[Start of section]

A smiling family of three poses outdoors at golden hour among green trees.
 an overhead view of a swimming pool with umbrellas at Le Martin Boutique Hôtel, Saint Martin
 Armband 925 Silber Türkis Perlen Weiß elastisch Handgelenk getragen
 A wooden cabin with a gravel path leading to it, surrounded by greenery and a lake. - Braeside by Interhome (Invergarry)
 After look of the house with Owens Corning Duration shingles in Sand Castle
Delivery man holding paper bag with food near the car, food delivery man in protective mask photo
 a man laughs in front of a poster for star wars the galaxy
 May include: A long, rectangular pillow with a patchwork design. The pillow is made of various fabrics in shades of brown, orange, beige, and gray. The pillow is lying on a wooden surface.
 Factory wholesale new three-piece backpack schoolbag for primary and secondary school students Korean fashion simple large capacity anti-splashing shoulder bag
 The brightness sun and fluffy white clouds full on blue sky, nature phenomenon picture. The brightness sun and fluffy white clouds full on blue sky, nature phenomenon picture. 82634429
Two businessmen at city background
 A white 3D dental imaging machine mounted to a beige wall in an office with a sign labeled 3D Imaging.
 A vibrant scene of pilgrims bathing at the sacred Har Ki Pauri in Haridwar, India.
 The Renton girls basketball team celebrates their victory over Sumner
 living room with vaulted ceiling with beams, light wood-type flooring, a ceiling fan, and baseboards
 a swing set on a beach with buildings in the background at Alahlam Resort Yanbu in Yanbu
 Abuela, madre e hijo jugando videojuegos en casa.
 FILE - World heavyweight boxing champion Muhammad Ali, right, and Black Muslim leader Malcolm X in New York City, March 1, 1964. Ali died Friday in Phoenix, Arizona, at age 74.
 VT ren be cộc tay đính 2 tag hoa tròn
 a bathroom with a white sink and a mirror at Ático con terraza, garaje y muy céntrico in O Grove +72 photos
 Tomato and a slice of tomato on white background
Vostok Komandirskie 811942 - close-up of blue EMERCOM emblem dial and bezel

[End of section]

- _Try it_: Word for word, restate the lines from the one holding "A vibrant scene" to the last line of the records.

- _Final answer_:
 A vibrant scene of pilgrims bathing at the sacred Har Ki Pauri in Haridwar, India.
 The Renton girls basketball team celebrates their victory over Sumner
 living room with vaulted ceiling with beams, light wood-type flooring, a ceiling fan, and baseboards
 a swing set on a beach with buildings in the background at Alahlam Resort Yanbu in Yanbu
 Abuela, madre e hijo jugando videojuegos en casa.
 FILE - World heavyweight boxing champion Muhammad Ali, right, and Black Muslim leader Malcolm X in New York City, March 1, 1964. Ali died Friday in Phoenix, Arizona, at age 74.
 VT ren be cộc tay đính 2 tag hoa tròn
 a bathroom with a white sink and a mirror at Ático con terraza, garaje y muy céntrico in O Grove +72 photos
 Tomato and a slice of tomato on white background
Vostok Komandirskie 811942 - close-up of blue EMERCOM emblem dial and bezel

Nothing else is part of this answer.